We assess the agreement between the Zeppelin Observatory and modelled emissions and the RV Helmer Hanssen CH4 time series on a monthly basis in the Taylor diagrams (Taylor, 2001) in Fig. 7, which shows the R2 correlation on the angular axis and the ratio of standard deviations (Zeppelin to the RV Helmer Hanssen) on the radial axis. Monthly correlations range from 0.1 to 0.8 for both the modelled emissions and the Zeppelin Observatory, while for most months the standard deviation of the Zeppelin CH4 is below that of the RV Helmer Hanssen, likely reflecting the fact that the latter is exposed to more variable sources as a moving platform at sea level. The agreement between the model and observations is mostly above R2=0.3, as Thompson et al. (2017) also report for a number of high-latitude measurement stations. For some months, the correlation between the model and observations is strikingly high, e.g. March 2015/2016.

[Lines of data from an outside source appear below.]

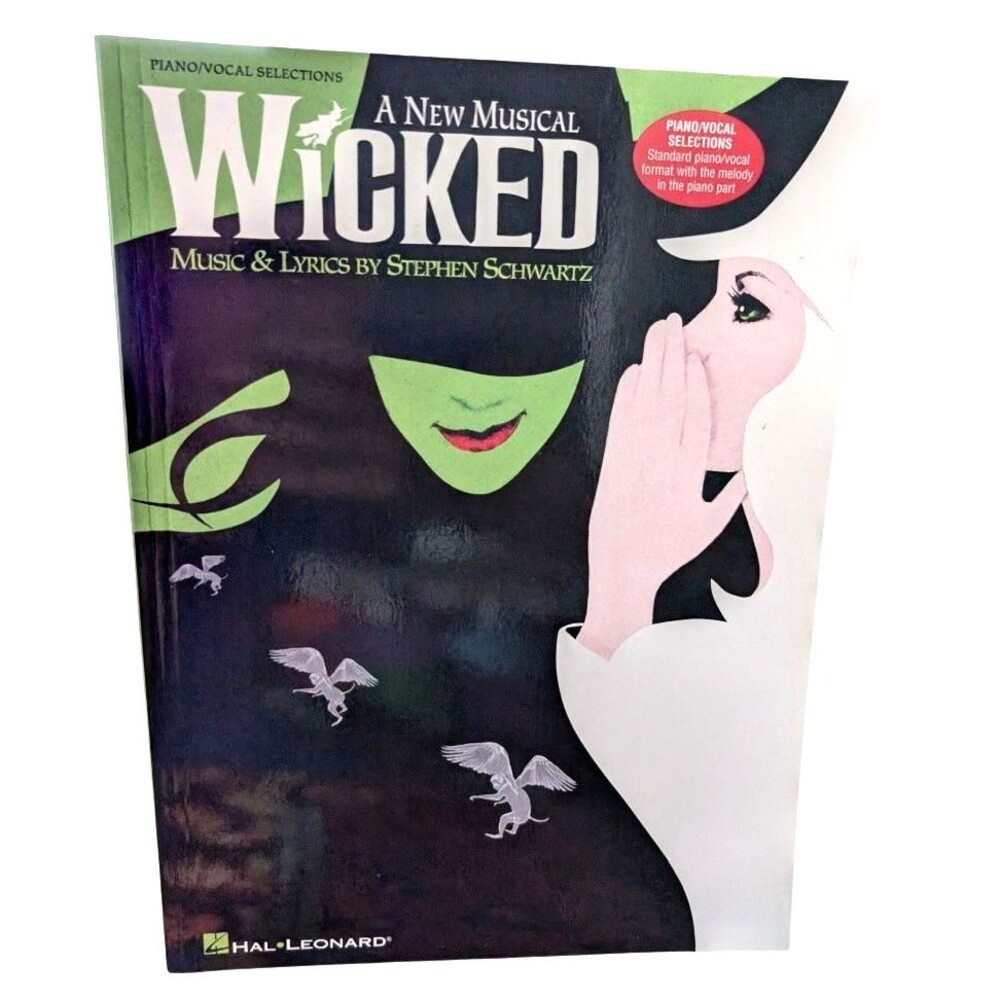 Wicked Piano Vocal Selections Sheet Music Songbook Broadway Stephen Schwartz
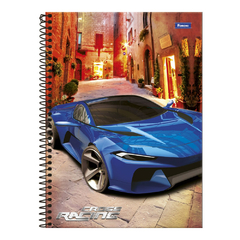 CADERNO ESPIRAL 192F 12 MATERIAS CROSS RACING - FORONI - loja online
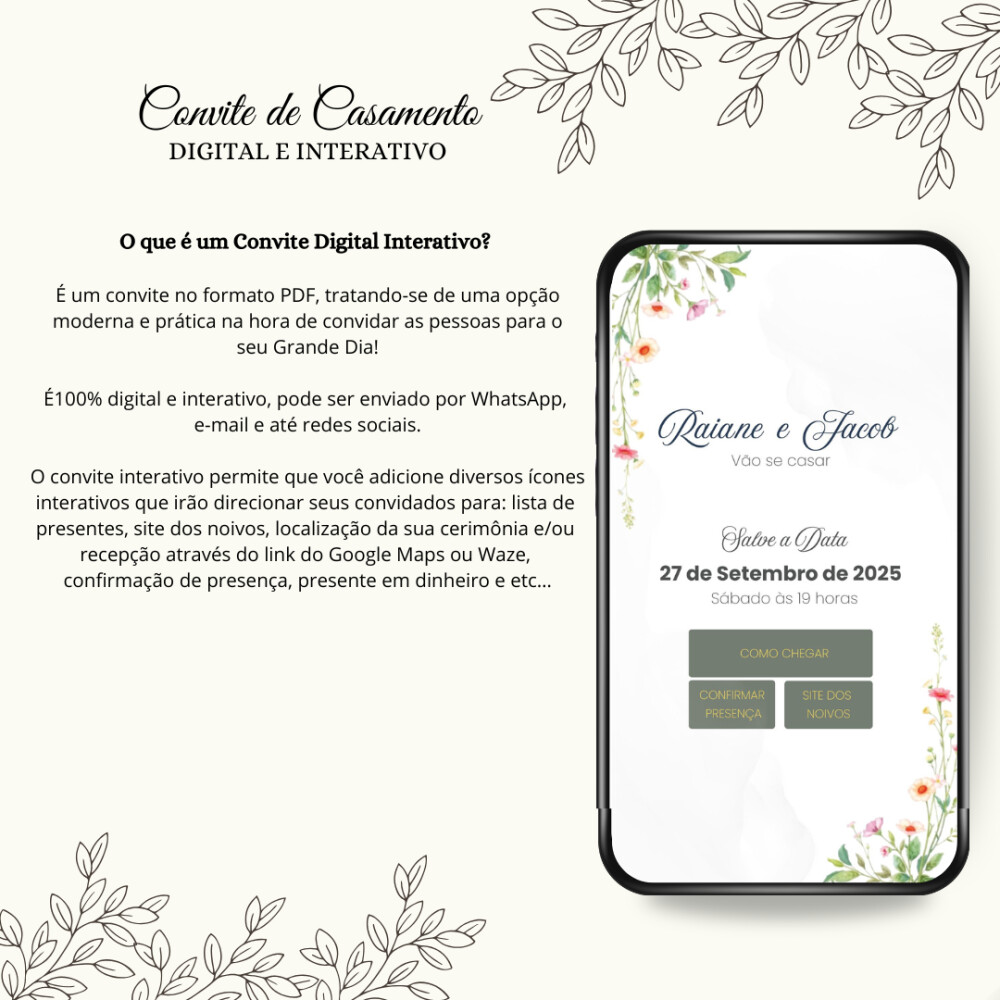 Convite de Casamento Digital Interativo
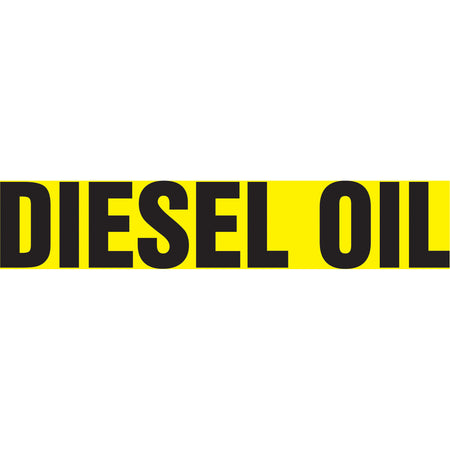 ""Diesel Oil"" Pipe Markers - SH729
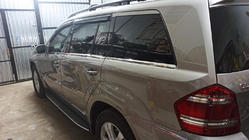 Mercedes GL class X164 2006-2012 гг. Нижние молдинги окон нержавейка (6 шт) фото 4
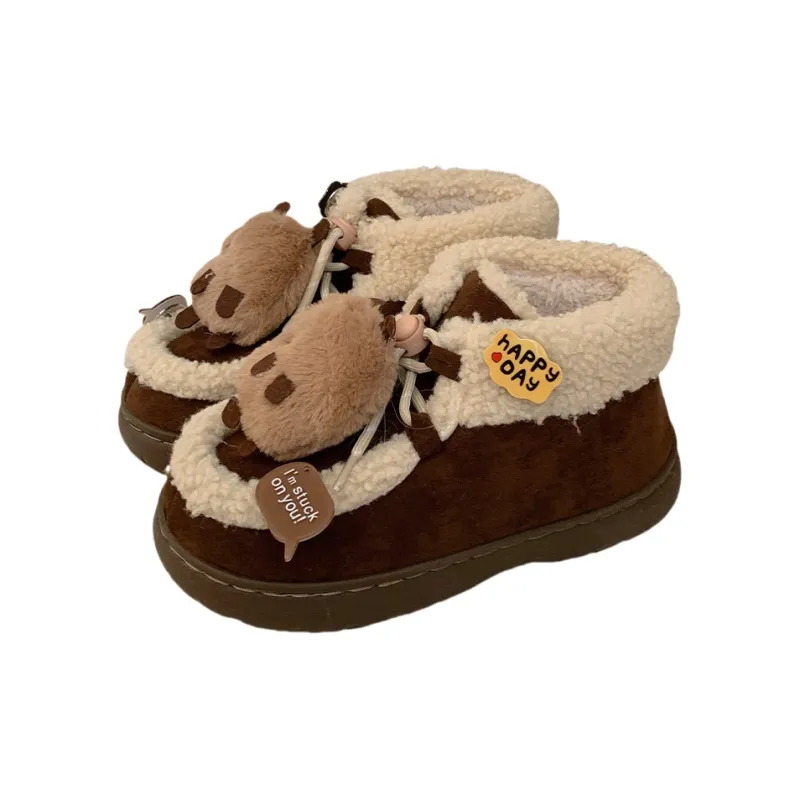 Thin Strips Cotton Slippers Women's, Black-10
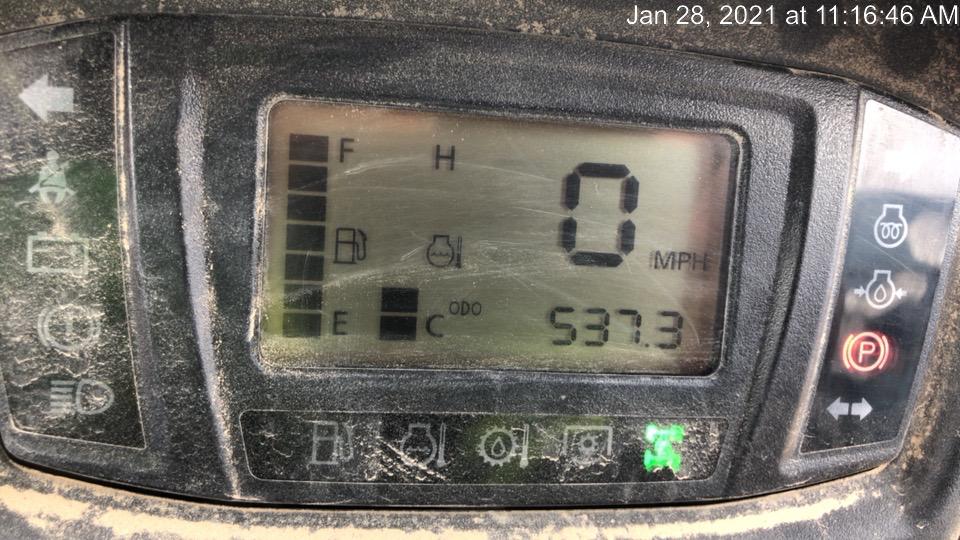 2020 Kubota RTV-X1140 CAMO, CANOPY, STROBE, BACK UP ALARM, WINDSHIELD, FIRE EXT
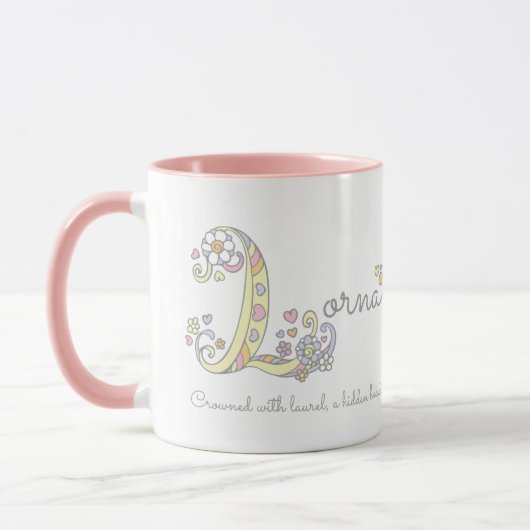 Lorna letter L: monogram mok (Links)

3.4 Ocean–atmosphere emissions north of Svalbard
The aforementioned unexplained episode of increased CH4 on ∼25 August 2014 (Fig. 6) occurred at 80.4∘ N, 12.8∘ E, north of Svalbard. During this North Svalbard episode (NSE) wind speeds were ∼7 m s−1 from a northerly direction. The absence of an excursion in the CO2 mixing ratio at the same time suggests limited influence of wetlands (where a decrease would be expected) or anthropogenic emissions (where an increase would be expected). It is also noteworthy that the NSE is not predicted by the FLEXPART emissions, even though every other excursion > 10 ppb during the entire measurement time series is predicted (Fig. S3). The FLEXPART footprint sensitivity shown in Figs. 8 and 9 for the RV Helmer Hanssen suggests that the measurements were highly sensitive to emissions close to the ship's location and over ocean areas north of Svalbard. Mixing ratios decreased as the measurements became less sensitive to this area after 12:00 on 26 August 2014 and then increased significantly once more on 27 August 2014 where measurements are likely to be influenced by wetland emissions in north-eastern Russia, as also predicted by FLEXPART. During the NSE the Zeppelin Observatory was also highly sensitive to an area close to the measurement site, in this case however slightly to the south, mainly over land (north-western Svalbard), while the sensitivity to land areas outside Svalbard appears similar (and very low) for both (Fig. S3).
During the NSE, measurements were sensitive to the relatively shallow Svalbard continental margin including the Hinlopen Strait (79.62∘ N, 18.78∘ E) and Norskebanken (81.00∘ N, 14.00∘ E) and Yermak plateaux (81.25∘ N, 5.00∘ E), (Fig. 8). This area is the site of the Hinlopen–Yermak Megaslide ∼ 30 000 years before present (Winkelmann et al., 2006), where numerous bubble plumes (referred to as flares) emanating from the sea floor were recently discovered using echo-sounding and attributed to CH4 venting (Geissler et al., 2016). We conclude that elevated mixing ratios on 25 August 2014 were the result of an ocean–atmosphere flux, based on the thorough analysis of over 2 years of measurement and model data, the presence of methane seepage, wind analysis, and the footprint sensitivities shown in Figs. 8 and 9.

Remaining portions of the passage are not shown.